Did the woman’s reaction mean that the dress belonged to her daughter? But if so, where was she?

And why wouldn’t the woman share even her name with Speckled Fawn? Surely she had seen that Speckled Fawn had come to visit her as a friend.

But still . . . the woman had only spoken when Speckled Fawn had first arrived at the tepee. Otherwise she had remained silent, except at the last, when she’d plucked the child’s dress from the other clothes.

Yes, the tiny dress had prompted the woman to react, surely evoking memories that pained her.

Yet no one had said anything about a small child, a girl, being among those who had been killed by the renegades.

Was the woman’s daughter even now at the mercy of Big Nose and the evil men who had managed to flee the ambush by Blue Thunder and his warriors?

Realizing that eyes were on her, Speckled Fawn looked quickly down at her husband, who sat beside the fire, a blanket wrapped around his thin, slumped shoulders.

When he smiled somewhat blankly at her, Speckled Fawn’s heart felt a warmth and depth of love she had never known she could feel for a man. Especially a man who was elderly, and who no longer had the ability to speak.

He now sat, day in and day out, awaiting his time to die, so that he could join his beloved ancestors in the sky.

But until then, Speckled Fawn did everything humanly possible to make him happy.

She believed that he was still alive only because she was there to love and care for him.

She just wished that he could talk, and still had the capacity to reason, because she badly wished to talk to him about the white woman, and especially her reaction to the tiny dress. She would love to know his opinion on the situation.

But as it was, she could only tell him of her feelings, which she often did in order to make him feel that he was still involved in life. She spoke even though she knew that he could never talk back to her.

“My husband, I’ve returned home to sit with you, to talk and make you happy,” Speckled Fawn said to Dancing Shadow. At one time, when he was younger and had his full faculties, he had been his people’s shaman.

Speckled Fawn noticed that, as usual, her words had not registered, for his eyes had already turned away from her and he was again only watching the leaping flames of the fire in the firepit.

Used to this reaction, but never liking it any more than the last time she had tried to break through his terrible silence, Speckl

ed Fawn sighed heavily.

She sat down beside him and took one of his bony hands in hers.
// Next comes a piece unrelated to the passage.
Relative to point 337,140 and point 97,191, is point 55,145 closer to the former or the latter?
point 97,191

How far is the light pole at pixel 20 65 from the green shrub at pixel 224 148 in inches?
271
She held it, feeling its coldness even though he was sitting close to the warmth of the fire.

Too often of late he felt cold when she touched him, especially when she bathed him each morning.
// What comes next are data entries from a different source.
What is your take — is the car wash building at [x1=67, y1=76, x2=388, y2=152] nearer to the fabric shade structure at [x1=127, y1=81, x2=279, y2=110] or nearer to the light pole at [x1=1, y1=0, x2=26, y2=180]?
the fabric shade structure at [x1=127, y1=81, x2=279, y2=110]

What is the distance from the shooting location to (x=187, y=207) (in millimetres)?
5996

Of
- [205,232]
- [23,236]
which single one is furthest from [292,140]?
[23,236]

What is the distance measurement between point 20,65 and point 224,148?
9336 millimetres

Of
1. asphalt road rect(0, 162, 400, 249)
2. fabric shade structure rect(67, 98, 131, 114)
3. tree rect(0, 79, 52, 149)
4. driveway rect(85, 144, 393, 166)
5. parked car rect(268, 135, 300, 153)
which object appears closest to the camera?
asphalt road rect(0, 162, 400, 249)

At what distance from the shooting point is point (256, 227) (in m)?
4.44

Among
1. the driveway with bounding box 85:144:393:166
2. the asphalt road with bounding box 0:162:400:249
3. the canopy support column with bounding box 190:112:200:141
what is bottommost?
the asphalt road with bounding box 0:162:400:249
His chest, which was now strangely caved in so that his ribs were prominent, held no warmth whatsoever, nor did his lips when she kissed him.

It was like kissing a dead fish. . . .

That thought made her shudder. She no longer wanted to kiss him because of how his lips felt against hers, but she hoped that perhaps a kiss might reach his consciousness, so she did it as often as she could.

“My husband, our chief returned today from his journey to find and kill Big Nose and his renegade friends,” Speckled Fawn murmured. Her words would reach the fire, the walls of the tepee, the mats on the floor, even the pot of food cooking slowly over the fire, but not her husband’s mind.

But still, she talked, for she knew that it was important not to leave her husband in total silence.

She kept hoping for some sort of breakthrough.

If he would say one word, it would cause her heart to leap with pure joy!

“Sad to say, though, Big Nose once again eluded death,” Speckled Fawn said, herself now gazing into the fire. It had a way of almost hypnotizing a person, so she turned her eyes back to her husband. “He even eluded Blue Thunder. But most of Big Nose’s men were killed. At least in that, your nephew can be proud.”

She looked over her shoulder at the closed entrance flap when she heard voices as someone walked past.